§ **ASSIGNED TASK**:
Please restate each entry below, word for word.

§ **Short text fragments from websites**:
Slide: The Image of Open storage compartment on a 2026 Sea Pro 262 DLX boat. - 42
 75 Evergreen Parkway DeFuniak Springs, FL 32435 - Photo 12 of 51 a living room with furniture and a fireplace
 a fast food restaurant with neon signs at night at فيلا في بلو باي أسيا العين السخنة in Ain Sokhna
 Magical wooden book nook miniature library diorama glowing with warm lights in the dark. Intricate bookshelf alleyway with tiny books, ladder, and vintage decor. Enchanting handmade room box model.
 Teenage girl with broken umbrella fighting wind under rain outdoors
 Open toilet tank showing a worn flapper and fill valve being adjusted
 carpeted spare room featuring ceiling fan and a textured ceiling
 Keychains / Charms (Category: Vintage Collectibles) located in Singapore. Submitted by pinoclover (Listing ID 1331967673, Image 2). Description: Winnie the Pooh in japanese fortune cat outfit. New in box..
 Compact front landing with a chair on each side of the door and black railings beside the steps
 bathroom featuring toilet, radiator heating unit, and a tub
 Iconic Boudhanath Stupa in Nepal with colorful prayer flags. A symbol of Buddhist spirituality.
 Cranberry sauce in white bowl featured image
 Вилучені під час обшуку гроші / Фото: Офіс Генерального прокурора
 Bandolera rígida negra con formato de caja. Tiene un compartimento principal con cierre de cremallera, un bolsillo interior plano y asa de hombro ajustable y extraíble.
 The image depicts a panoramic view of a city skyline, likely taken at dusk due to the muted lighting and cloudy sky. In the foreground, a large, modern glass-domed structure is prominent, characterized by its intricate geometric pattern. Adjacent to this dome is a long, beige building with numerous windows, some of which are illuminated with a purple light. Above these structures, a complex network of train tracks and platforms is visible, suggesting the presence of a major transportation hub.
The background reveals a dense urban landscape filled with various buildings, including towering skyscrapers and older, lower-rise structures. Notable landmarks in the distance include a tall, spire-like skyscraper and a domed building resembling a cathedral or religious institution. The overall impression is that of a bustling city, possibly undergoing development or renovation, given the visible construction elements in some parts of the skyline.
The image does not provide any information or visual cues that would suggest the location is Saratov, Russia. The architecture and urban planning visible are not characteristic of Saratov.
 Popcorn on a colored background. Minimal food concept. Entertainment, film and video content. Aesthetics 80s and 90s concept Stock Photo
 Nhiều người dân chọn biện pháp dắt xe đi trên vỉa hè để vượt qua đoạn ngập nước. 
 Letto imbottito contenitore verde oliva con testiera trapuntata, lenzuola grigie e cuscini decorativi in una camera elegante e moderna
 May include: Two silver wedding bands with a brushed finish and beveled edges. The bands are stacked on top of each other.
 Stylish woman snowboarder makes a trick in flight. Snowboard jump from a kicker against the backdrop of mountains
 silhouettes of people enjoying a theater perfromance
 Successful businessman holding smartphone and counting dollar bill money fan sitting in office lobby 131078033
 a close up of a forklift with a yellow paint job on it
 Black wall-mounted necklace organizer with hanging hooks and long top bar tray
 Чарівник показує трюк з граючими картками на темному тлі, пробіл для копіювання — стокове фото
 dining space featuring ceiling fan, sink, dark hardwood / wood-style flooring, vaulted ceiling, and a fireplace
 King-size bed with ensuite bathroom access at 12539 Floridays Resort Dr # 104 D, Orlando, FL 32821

§ **OUTPUT OF THE EXERCISE**:
Slide: The Image of Open storage compartment on a 2026 Sea Pro 262 DLX boat. - 42
 75 Evergreen Parkway DeFuniak Springs, FL 32435 - Photo 12 of 51 a living room with furniture and a fireplace
 a fast food restaurant with neon signs at night at فيلا في بلو باي أسيا العين السخنة in Ain Sokhna
 Magical wooden book nook miniature library diorama glowing with warm lights in the dark. Intricate bookshelf alleyway with tiny books, ladder, and vintage decor. Enchanting handmade room box model.
 Teenage girl with broken umbrella fighting wind under rain outdoors
 Open toilet tank showing a worn flapper and fill valve being adjusted
 carpeted spare room featuring ceiling fan and a textured ceiling
 Keychains / Charms (Category: Vintage Collectibles) located in Singapore. Submitted by pinoclover (Listing ID 1331967673, Image 2). Description: Winnie the Pooh in japanese fortune cat outfit. New in box..
 Compact front landing with a chair on each side of the door and black railings beside the steps
 bathroom featuring toilet, radiator heating unit, and a tub
 Iconic Boudhanath Stupa in Nepal with colorful prayer flags. A symbol of Buddhist spirituality.
 Cranberry sauce in white bowl featured image
 Вилучені під час обшуку гроші / Фото: Офіс Генерального прокурора
 Bandolera rígida negra con formato de caja. Tiene un compartimento principal con cierre de cremallera, un bolsillo interior plano y asa de hombro ajustable y extraíble.
 The image depicts a panoramic view of a city skyline, likely taken at dusk due to the muted lighting and cloudy sky. In the foreground, a large, modern glass-domed structure is prominent, characterized by its intricate geometric pattern. Adjacent to this dome is a long, beige building with numerous windows, some of which are illuminated with a purple light. Above these structures, a complex network of train tracks and platforms is visible, suggesting the presence of a major transportation hub.
The background reveals a dense urban landscape filled with various buildings, including towering skyscrapers and older, lower-rise structures. Notable landmarks in the distance include a tall, spire-like skyscraper and a domed building resembling a cathedral or religious institution. The overall impression is that of a bustling city, possibly undergoing development or renovation, given the visible construction elements in some parts of the skyline.
The image does not provide any information or visual cues that would suggest the location is Saratov, Russia. The architecture and urban planning visible are not characteristic of Saratov.
 Popcorn on a colored background. Minimal food concept. Entertainment, film and video content. Aesthetics 80s and 90s concept Stock Photo
 Nhiều người dân chọn biện pháp dắt xe đi trên vỉa hè để vượt qua đoạn ngập nước. 
 Letto imbottito contenitore verde oliva con testiera trapuntata, lenzuola grigie e cuscini decorativi in una camera elegante e moderna
 May include: Two silver wedding bands with a brushed finish and beveled edges. The bands are stacked on top of each other.
 Stylish woman snowboarder makes a trick in flight. Snowboard jump from a kicker against the backdrop of mountains
 silhouettes of people enjoying a theater perfromance
 Successful businessman holding smartphone and counting dollar bill money fan sitting in office lobby 131078033
 a close up of a forklift with a yellow paint job on it
 Black wall-mounted necklace organizer with hanging hooks and long top bar tray
 Чарівник показує трюк з граючими картками на темному тлі, пробіл для копіювання — стокове фото
 dining space featuring ceiling fan, sink, dark hardwood / wood-style flooring, vaulted ceiling, and a fireplace
 King-size bed with ensuite bathroom access at 12539 Floridays Resort Dr # 104 D, Orlando, FL 32821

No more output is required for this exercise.